**EXCERPTED DATA**
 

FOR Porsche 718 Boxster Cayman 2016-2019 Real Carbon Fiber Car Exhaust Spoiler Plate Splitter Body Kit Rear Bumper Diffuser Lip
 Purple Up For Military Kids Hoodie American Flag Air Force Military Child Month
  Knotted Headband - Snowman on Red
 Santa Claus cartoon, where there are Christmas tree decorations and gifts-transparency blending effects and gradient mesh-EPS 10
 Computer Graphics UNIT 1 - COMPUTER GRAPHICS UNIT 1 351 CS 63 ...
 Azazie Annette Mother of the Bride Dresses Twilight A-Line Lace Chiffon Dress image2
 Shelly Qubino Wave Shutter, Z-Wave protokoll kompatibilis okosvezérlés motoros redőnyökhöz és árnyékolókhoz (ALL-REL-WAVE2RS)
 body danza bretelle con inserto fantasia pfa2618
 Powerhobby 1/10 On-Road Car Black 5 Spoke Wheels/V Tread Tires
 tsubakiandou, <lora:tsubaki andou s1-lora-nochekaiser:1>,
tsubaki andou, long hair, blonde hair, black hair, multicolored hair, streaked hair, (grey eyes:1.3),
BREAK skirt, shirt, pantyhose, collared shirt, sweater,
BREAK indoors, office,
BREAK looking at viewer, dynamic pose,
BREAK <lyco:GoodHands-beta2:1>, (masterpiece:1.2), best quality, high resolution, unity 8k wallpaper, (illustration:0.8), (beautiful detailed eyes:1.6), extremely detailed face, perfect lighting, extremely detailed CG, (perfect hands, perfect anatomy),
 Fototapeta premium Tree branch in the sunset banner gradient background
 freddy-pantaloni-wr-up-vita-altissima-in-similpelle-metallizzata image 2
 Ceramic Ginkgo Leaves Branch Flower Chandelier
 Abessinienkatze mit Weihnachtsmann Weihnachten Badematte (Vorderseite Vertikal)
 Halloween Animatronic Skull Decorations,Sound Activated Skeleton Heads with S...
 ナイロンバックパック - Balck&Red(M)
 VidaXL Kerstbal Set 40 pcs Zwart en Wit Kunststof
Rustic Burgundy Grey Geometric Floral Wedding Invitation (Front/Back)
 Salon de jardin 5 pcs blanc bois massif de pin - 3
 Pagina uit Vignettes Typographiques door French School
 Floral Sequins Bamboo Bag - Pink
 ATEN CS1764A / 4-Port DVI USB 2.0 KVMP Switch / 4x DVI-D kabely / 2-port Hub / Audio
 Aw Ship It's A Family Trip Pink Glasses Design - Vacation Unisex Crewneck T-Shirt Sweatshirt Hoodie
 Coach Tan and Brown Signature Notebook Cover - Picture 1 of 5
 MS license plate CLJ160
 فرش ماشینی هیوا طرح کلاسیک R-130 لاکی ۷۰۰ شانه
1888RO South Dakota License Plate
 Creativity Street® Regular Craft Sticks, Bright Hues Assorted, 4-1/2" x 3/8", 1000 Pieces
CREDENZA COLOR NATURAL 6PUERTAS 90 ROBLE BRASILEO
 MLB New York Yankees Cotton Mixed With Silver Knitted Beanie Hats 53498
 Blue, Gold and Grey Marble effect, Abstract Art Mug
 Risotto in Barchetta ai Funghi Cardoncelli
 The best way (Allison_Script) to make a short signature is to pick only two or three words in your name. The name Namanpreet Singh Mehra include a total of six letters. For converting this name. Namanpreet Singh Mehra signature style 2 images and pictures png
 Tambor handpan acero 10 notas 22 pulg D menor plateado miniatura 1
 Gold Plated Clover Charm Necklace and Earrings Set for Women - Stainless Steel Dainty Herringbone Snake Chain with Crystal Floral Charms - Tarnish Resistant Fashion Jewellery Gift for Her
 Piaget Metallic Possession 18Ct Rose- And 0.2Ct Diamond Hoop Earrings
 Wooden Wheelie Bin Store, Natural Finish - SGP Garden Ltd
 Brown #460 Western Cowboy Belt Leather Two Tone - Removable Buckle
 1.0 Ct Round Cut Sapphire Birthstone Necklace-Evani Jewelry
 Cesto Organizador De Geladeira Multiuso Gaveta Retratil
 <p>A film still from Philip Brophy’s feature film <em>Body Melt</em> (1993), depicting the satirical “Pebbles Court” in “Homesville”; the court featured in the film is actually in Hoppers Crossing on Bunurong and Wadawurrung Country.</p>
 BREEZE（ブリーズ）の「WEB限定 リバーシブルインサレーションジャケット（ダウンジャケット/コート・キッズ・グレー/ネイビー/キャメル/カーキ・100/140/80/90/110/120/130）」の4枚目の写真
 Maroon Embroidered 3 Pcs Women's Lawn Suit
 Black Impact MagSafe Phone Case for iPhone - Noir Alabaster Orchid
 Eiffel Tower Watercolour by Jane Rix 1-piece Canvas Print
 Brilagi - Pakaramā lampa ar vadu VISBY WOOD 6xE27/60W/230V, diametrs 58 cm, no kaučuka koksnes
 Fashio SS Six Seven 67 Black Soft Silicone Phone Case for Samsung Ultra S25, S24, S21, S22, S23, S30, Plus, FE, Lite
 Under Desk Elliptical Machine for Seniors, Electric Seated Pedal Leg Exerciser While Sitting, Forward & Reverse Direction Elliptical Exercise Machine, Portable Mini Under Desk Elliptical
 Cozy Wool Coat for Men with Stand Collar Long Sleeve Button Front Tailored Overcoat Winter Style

**ASSIGNED TASK**
Without altering a single word, transcribe the entries above.

**WRITTEN RESPONSE**
FOR Porsche 718 Boxster Cayman 2016-2019 Real Carbon Fiber Car Exhaust Spoiler Plate Splitter Body Kit Rear Bumper Diffuser Lip
 Purple Up For Military Kids Hoodie American Flag Air Force Military Child Month
  Knotted Headband - Snowman on Red
 Santa Claus cartoon, where there are Christmas tree decorations and gifts-transparency blending effects and gradient mesh-EPS 10
 Computer Graphics UNIT 1 - COMPUTER GRAPHICS UNIT 1 351 CS 63 ...
 Azazie Annette Mother of the Bride Dresses Twilight A-Line Lace Chiffon Dress image2
 Shelly Qubino Wave Shutter, Z-Wave protokoll kompatibilis okosvezérlés motoros redőnyökhöz és árnyékolókhoz (ALL-REL-WAVE2RS)
 body danza bretelle con inserto fantasia pfa2618
 Powerhobby 1/10 On-Road Car Black 5 Spoke Wheels/V Tread Tires
 tsubakiandou, <lora:tsubaki andou s1-lora-nochekaiser:1>,
tsubaki andou, long hair, blonde hair, black hair, multicolored hair, streaked hair, (grey eyes:1.3),
BREAK skirt, shirt, pantyhose, collared shirt, sweater,
BREAK indoors, office,
BREAK looking at viewer, dynamic pose,
BREAK <lyco:GoodHands-beta2:1>, (masterpiece:1.2), best quality, high resolution, unity 8k wallpaper, (illustration:0.8), (beautiful detailed eyes:1.6), extremely detailed face, perfect lighting, extremely detailed CG, (perfect hands, perfect anatomy),
 Fototapeta premium Tree branch in the sunset banner gradient background
 freddy-pantaloni-wr-up-vita-altissima-in-similpelle-metallizzata image 2
 Ceramic Ginkgo Leaves Branch Flower Chandelier
 Abessinienkatze mit Weihnachtsmann Weihnachten Badematte (Vorderseite Vertikal)
 Halloween Animatronic Skull Decorations,Sound Activated Skeleton Heads with S...
 ナイロンバックパック - Balck&Red(M)
 VidaXL Kerstbal Set 40 pcs Zwart en Wit Kunststof
Rustic Burgundy Grey Geometric Floral Wedding Invitation (Front/Back)
 Salon de jardin 5 pcs blanc bois massif de pin - 3
 Pagina uit Vignettes Typographiques door French School
 Floral Sequins Bamboo Bag - Pink
 ATEN CS1764A / 4-Port DVI USB 2.0 KVMP Switch / 4x DVI-D kabely / 2-port Hub / Audio
 Aw Ship It's A Family Trip Pink Glasses Design - Vacation Unisex Crewneck T-Shirt Sweatshirt Hoodie
 Coach Tan and Brown Signature Notebook Cover - Picture 1 of 5
 MS license plate CLJ160
 فرش ماشینی هیوا طرح کلاسیک R-130 لاکی ۷۰۰ شانه
1888RO South Dakota License Plate
 Creativity Street® Regular Craft Sticks, Bright Hues Assorted, 4-1/2" x 3/8", 1000 Pieces
CREDENZA COLOR NATURAL 6PUERTAS 90 ROBLE BRASILEO
 MLB New York Yankees Cotton Mixed With Silver Knitted Beanie Hats 53498
 Blue, Gold and Grey Marble effect, Abstract Art Mug
 Risotto in Barchetta ai Funghi Cardoncelli
 The best way (Allison_Script) to make a short signature is to pick only two or three words in your name. The name Namanpreet Singh Mehra include a total of six letters. For converting this name. Namanpreet Singh Mehra signature style 2 images and pictures png
 Tambor handpan acero 10 notas 22 pulg D menor plateado miniatura 1
 Gold Plated Clover Charm Necklace and Earrings Set for Women - Stainless Steel Dainty Herringbone Snake Chain with Crystal Floral Charms - Tarnish Resistant Fashion Jewellery Gift for Her
 Piaget Metallic Possession 18Ct Rose- And 0.2Ct Diamond Hoop Earrings
 Wooden Wheelie Bin Store, Natural Finish - SGP Garden Ltd
 Brown #460 Western Cowboy Belt Leather Two Tone - Removable Buckle
 1.0 Ct Round Cut Sapphire Birthstone Necklace-Evani Jewelry
 Cesto Organizador De Geladeira Multiuso Gaveta Retratil
 <p>A film still from Philip Brophy’s feature film <em>Body Melt</em> (1993), depicting the satirical “Pebbles Court” in “Homesville”; the court featured in the film is actually in Hoppers Crossing on Bunurong and Wadawurrung Country.</p>
 BREEZE（ブリーズ）の「WEB限定 リバーシブルインサレーションジャケット（ダウンジャケット/コート・キッズ・グレー/ネイビー/キャメル/カーキ・100/140/80/90/110/120/130）」の4枚目の写真
 Maroon Embroidered 3 Pcs Women's Lawn Suit
 Black Impact MagSafe Phone Case for iPhone - Noir Alabaster Orchid
 Eiffel Tower Watercolour by Jane Rix 1-piece Canvas Print
 Brilagi - Pakaramā lampa ar vadu VISBY WOOD 6xE27/60W/230V, diametrs 58 cm, no kaučuka koksnes
 Fashio SS Six Seven 67 Black Soft Silicone Phone Case for Samsung Ultra S25, S24, S21, S22, S23, S30, Plus, FE, Lite
 Under Desk Elliptical Machine for Seniors, Electric Seated Pedal Leg Exerciser While Sitting, Forward & Reverse Direction Elliptical Exercise Machine, Portable Mini Under Desk Elliptical
 Cozy Wool Coat for Men with Stand Collar Long Sleeve Button Front Tailored Overcoat Winter Style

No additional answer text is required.